In honor of Earth Day, I decided a big batch of granola was in order. Now I realize you can buy granola, but I have a few problems with this approach.

First off, in my opinion it’s always too sweet. Next, it’s always got something in it I don’t want in my cereal (sunflower seeds for example) or something I don’t really get (like flax seeds). And lastly, packaged granola also always seems to cost an awful lot for what it is: basically toasted oats. If I can buy a huge box of oats for less than $3, why would I pay upwards of $6 for a few ounces of them tossed with nuts and sugar?

So I make my own, and I think it’s pretty much the best breakfast around. It’s also incredibly convenient: you can whip it up in under a half hour and have breakfast ready to go for a week or two (depending on how big your cereal bowl is).

What makes this recipe special, in my opinion, is the secret ingredient: brown rice crispies. Sure you can use regular rice crispies (or even denigrate the entire notion of granola by using coco-flavored crispies) but if you want to stay true to the earthy, hippie, crunchy spirit of granola, you want brown rice crispies. The rice makes this granola much lighter than others, and yes, it makes that fun popping noise when the milk hits it.
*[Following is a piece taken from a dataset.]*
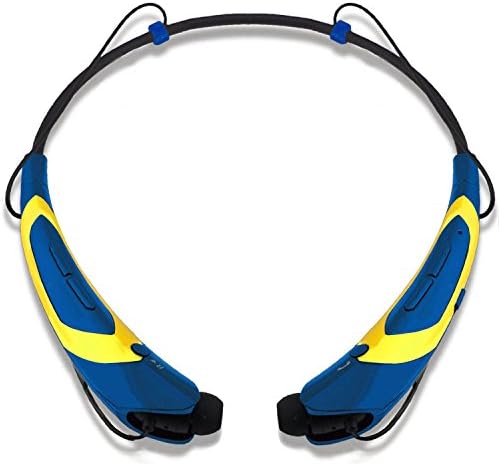 Universal S Gear -HV-Digitial 800 Wireless Music A2dp Stereo Bluetooth Headset Neckband Style Earphone Headphone performance flexible comfort quick Foldable Hands free BlueYellow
Keep in mind granola is basically anything you want it to be. I’ve played around with this recipe for years to come up with a combination I like, and you should too. Less nuts, more oats, less sweetener, or only one kind—it’s all up for grabs. Basically as long as you have enough of the butter mixture to lightly coat the dry ingredients you’ll end up with a delicious way to start the day–and honor the planet.

Crispy, Crunchy Granola

1/2 cup (1 stick) butter

1/3 cup brown sugar, or to taste

1/3 cup honey, or to taste

1/4 cup maple syrup, or to taste

1 tablespoon vanilla

6 cups rolled oats

4 cups brown rice crispies

1 cup roughly ground almonds

1 cup roughly ground pecans

1 cup roughly ground walnuts

1/2 cup unsweetened shredded coconut

1 teaspoon salt

1 tablespoon cinnamon

2 cups raisins, dried cranberries, dates, figs or other dried fruit, optional

 

  1. Heat the oven to 325dF. Melt the butter and sweeteners together over medium-low heat; add the vanilla, stir well to combine and set aside.
  2. In a large bowl, mix together all the dry ingredients except the raisins (or other dried fruit). Slowly pour the butter mixture into the dry ingredients, mixing to coat the oats, rice, and nuts as evenly as possible; don’t rush this, it will take a few minutes to thoroughly combine the butter with the dry ingredients.
  3. Spread the mixture evenly on two baking sheets and bake for 5 minutes; then gently turn the granola using a spatula. Cook for another 5 minutes and turn again; continue with this process until the granola has cooked for a total of 20 minutes. Remove from the oven and let cool; the granola will crisp up as it cools.
  4. Add the raisins or other dried fruit and store in an airtight container for up to two weeks. Serve with fresh fruit and yogurt or milk, or, sprinkle over ice cream.